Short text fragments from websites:
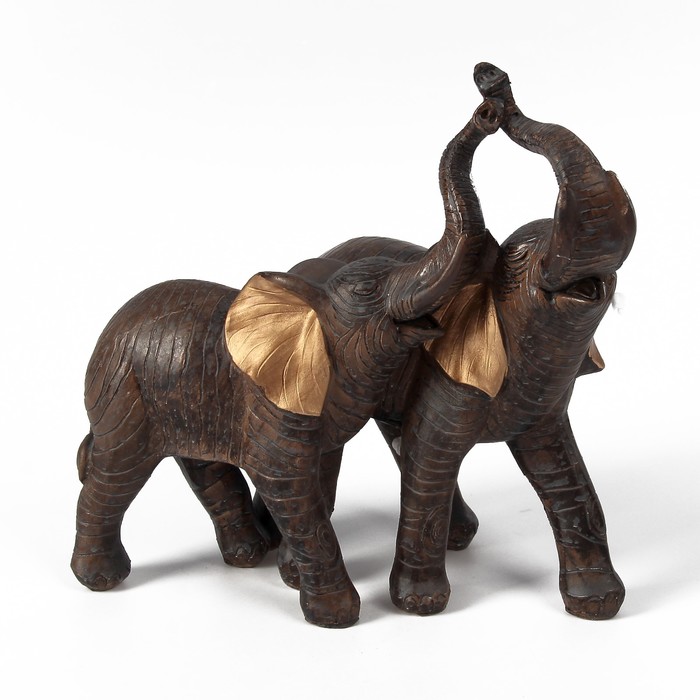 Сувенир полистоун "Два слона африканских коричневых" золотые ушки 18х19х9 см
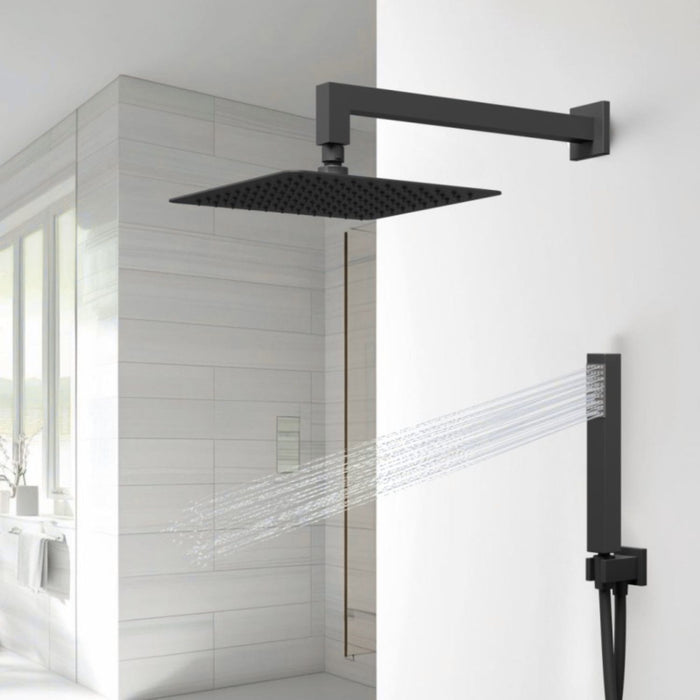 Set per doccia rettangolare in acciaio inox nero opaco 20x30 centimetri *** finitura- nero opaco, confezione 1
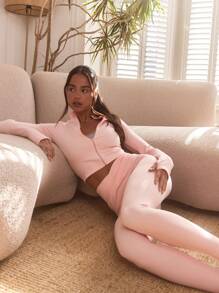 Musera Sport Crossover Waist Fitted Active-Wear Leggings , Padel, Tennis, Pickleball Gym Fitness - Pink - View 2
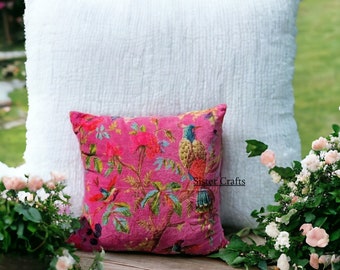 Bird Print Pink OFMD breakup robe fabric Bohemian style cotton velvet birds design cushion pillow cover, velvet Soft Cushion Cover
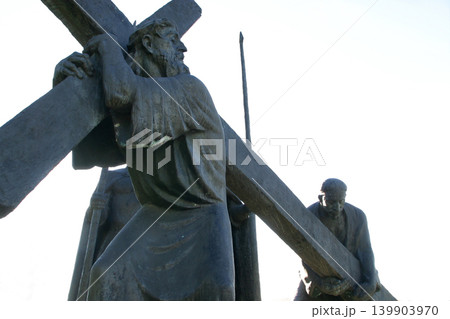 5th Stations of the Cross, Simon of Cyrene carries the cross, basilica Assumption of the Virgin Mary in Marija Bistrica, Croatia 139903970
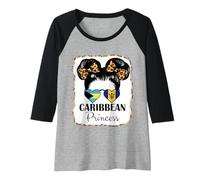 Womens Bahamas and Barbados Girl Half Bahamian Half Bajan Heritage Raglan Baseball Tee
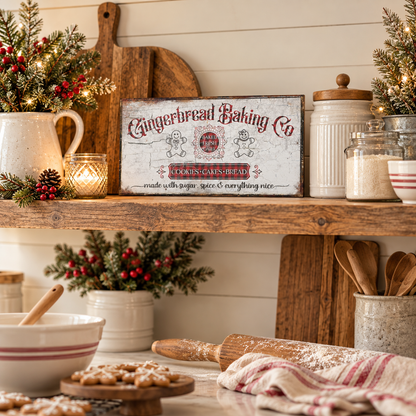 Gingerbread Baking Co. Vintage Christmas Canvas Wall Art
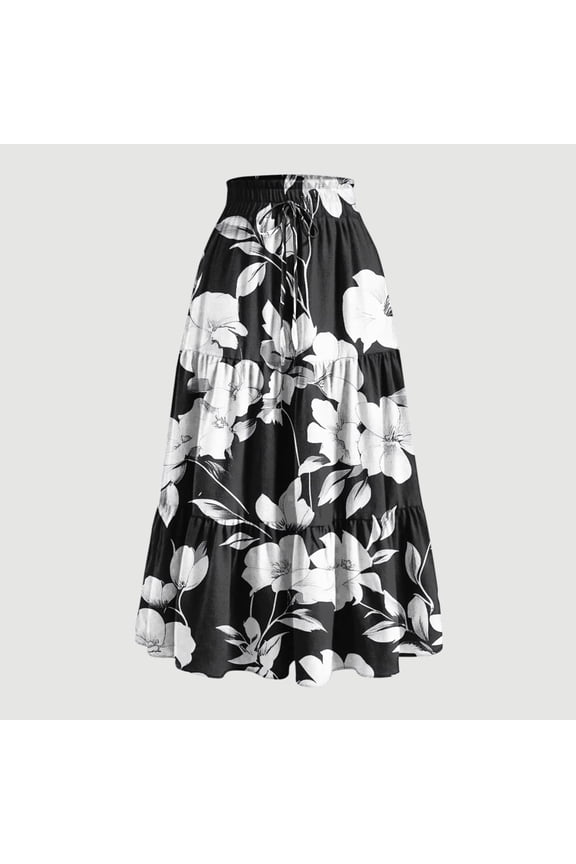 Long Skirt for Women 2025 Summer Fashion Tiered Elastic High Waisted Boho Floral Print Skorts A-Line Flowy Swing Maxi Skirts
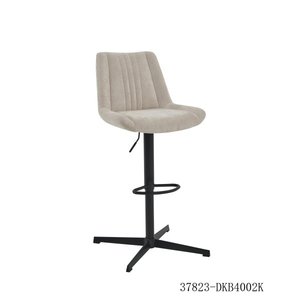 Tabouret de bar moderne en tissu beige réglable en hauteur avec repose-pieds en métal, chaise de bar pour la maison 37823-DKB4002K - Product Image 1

TASK GOAL: Return each entry exactly as it appears above, but exclude the pictures.

RESPONSE TO THIS TASK:
 Сувенир полистоун "Два слона африканских коричневых" золотые ушки 18х19х9 см
 Set per doccia rettangolare in acciaio inox nero opaco 20x30 centimetri *** finitura- nero opaco, confezione 1
 Musera Sport Crossover Waist Fitted Active-Wear Leggings , Padel, Tennis, Pickleball Gym Fitness - Pink - View 2
 Bird Print Pink OFMD breakup robe fabric Bohemian style cotton velvet birds design cushion pillow cover, velvet Soft Cushion Cover
 5th Stations of the Cross, Simon of Cyrene carries the cross, basilica Assumption of the Virgin Mary in Marija Bistrica, Croatia 139903970
 Womens Bahamas and Barbados Girl Half Bahamian Half Bajan Heritage Raglan Baseball Tee
 Gingerbread Baking Co. Vintage Christmas Canvas Wall Art
 Long Skirt for Women 2025 Summer Fashion Tiered Elastic High Waisted Boho Floral Print Skorts A-Line Flowy Swing Maxi Skirts
 Tabouret de bar moderne en tissu beige réglable en hauteur avec repose-pieds en métal, chaise de bar pour la maison 37823-DKB4002K - Product Image 1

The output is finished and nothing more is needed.